This had been going on for seven days. “The pain specialists wouldn’t see her because she had no insurance.”
“I doubled the dose and ordered that it be given to Kate every three
hours, around the clock,” said Meyer. “And before long, she was
transformed into the sweet, charming intelligent person she always had
been.”
“Kate had become the victim of iatrogenic pseudo-addiction,” Meier
added. She wasn’t an addict, but she was behaving like an addict and
seemed like an addict—a pseudo-addiction created by her doctors, which
makes it an “iatrogenic disease,” an illness caused, inadvertently, by
medical care.
Why hadn’t her mother tried to persuade the doctors to give her more
pain-killers? “Kate was the middle child in an Irish family of seven
kids and one of her brothers had become addicted to drugs. As a result,
the mother was terrified of opiates,” said Meier. “The palliative care
team had to spend time with the parent, explaining that pain kills.
The only possible hope for Kate was a bone marrow transplant.
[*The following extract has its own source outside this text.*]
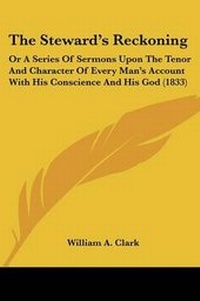 Enlarge image Cover: The Steward's Reckoning - Kessinger Publishing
Because
she was on Medicaid, this would be very hard to get. “It took six weeks
of begging to get someone to take her,” Meier recalled. “And then the
transplant failed.
“While she was dying, Kate told us that the worst part of the
experience had been those first six days when she was labeled a
‘manipulative drug addict.’ She was marginalized because her doctors
did not know how to administer the opiates.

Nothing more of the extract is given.